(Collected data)
_ _ _ _ _

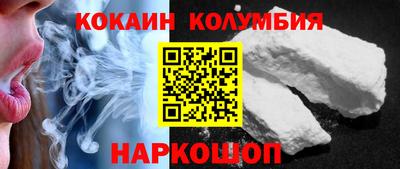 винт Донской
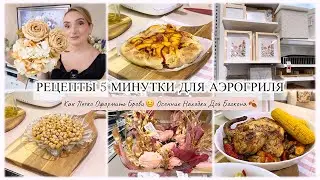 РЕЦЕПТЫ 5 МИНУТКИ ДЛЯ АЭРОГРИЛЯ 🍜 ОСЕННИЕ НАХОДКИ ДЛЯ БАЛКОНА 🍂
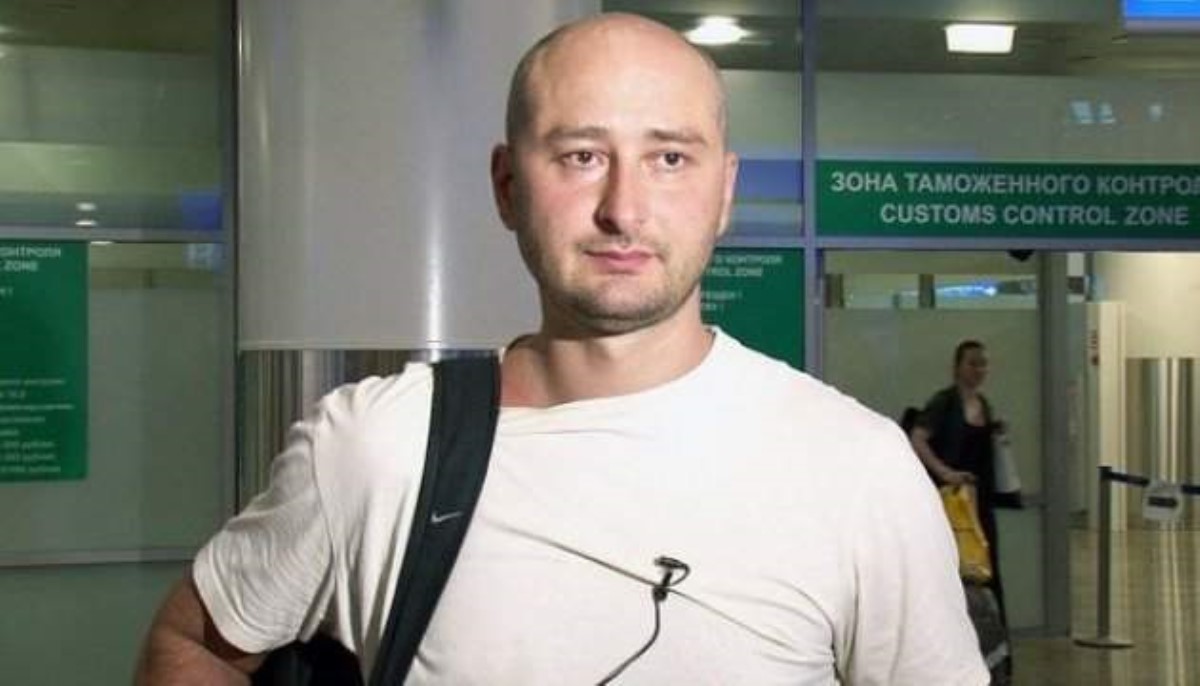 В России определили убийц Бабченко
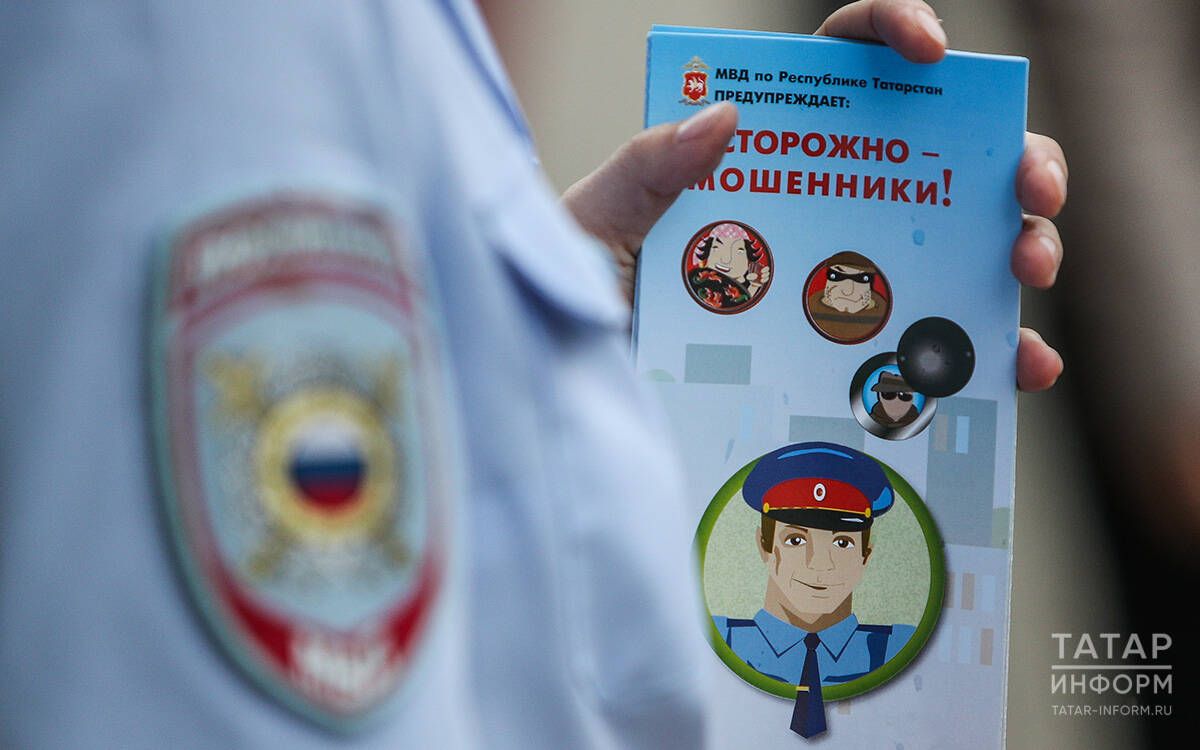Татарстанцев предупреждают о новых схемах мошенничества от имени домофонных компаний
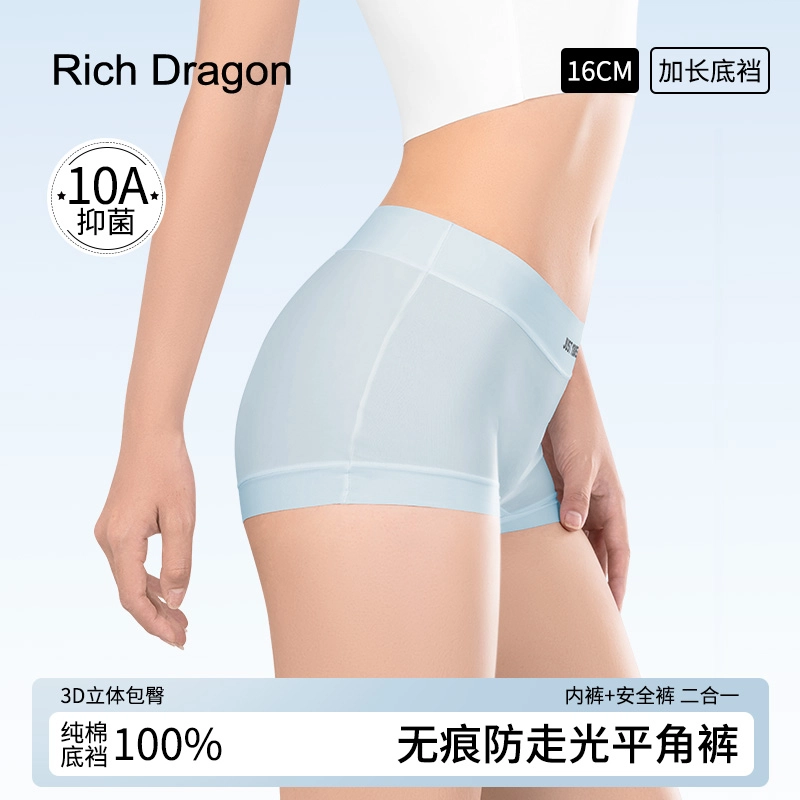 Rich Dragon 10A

_ _ _ _ _

• Task to carry out
All entries need repeating exactly, but without the pictures.

• Response below
 винт Донской
 РЕЦЕПТЫ 5 МИНУТКИ ДЛЯ АЭРОГРИЛЯ 🍜 ОСЕННИЕ НАХОДКИ ДЛЯ БАЛКОНА 🍂
 В России определили убийц Бабченко
Татарстанцев предупреждают о новых схемах мошенничества от имени домофонных компаний
 Rich Dragon 10A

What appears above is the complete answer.